DATA EXCERPT:
+-------+

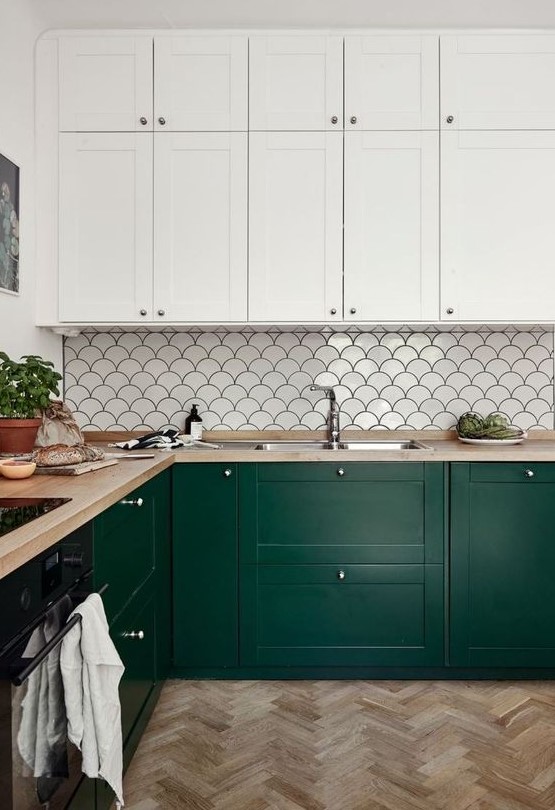 a refined kitchen with forest green and white cabinets, a fishscale tile backsplash and butcherblock countertops is cool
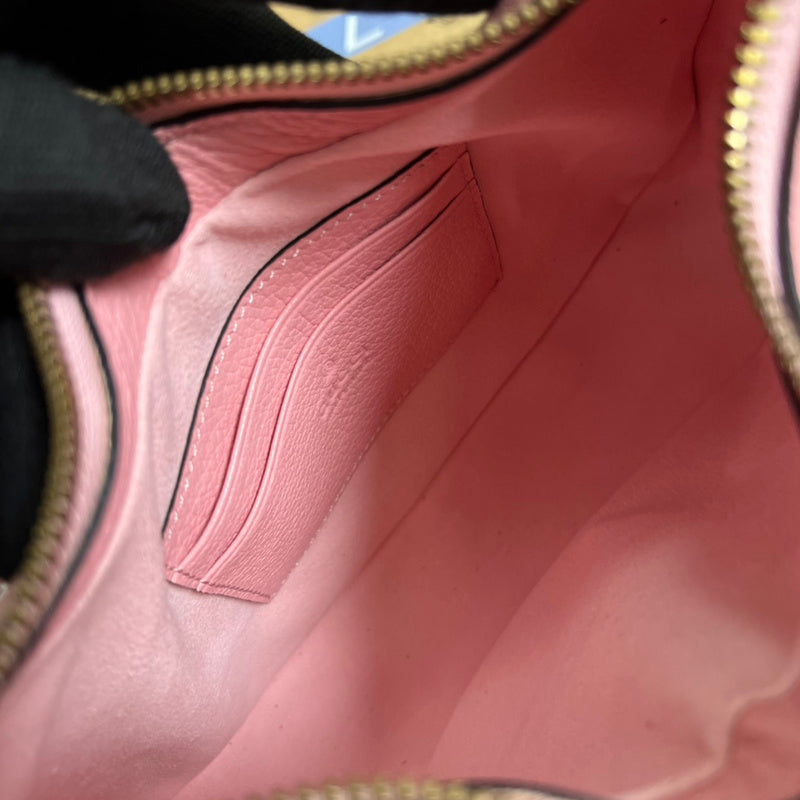 Close-up detail of statement signature women's handbag – women's luxury accessory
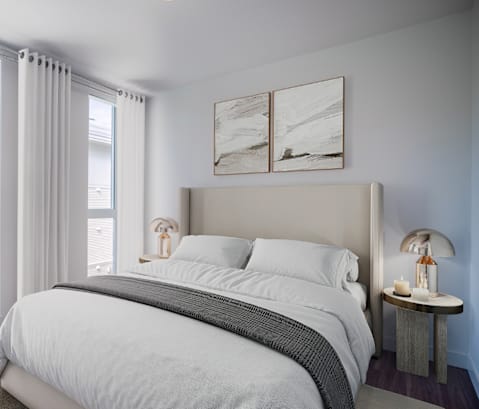 A bedroom with a large bed and a view of a balcony outside.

+-------+

WORK REQUEST: Output the material above word for word. Leave out its images.

FINISHED TASK:
 a refined kitchen with forest green and white cabinets, a fishscale tile backsplash and butcherblock countertops is cool
 Close-up detail of statement signature women's handbag – women's luxury accessory
 A bedroom with a large bed and a view of a balcony outside.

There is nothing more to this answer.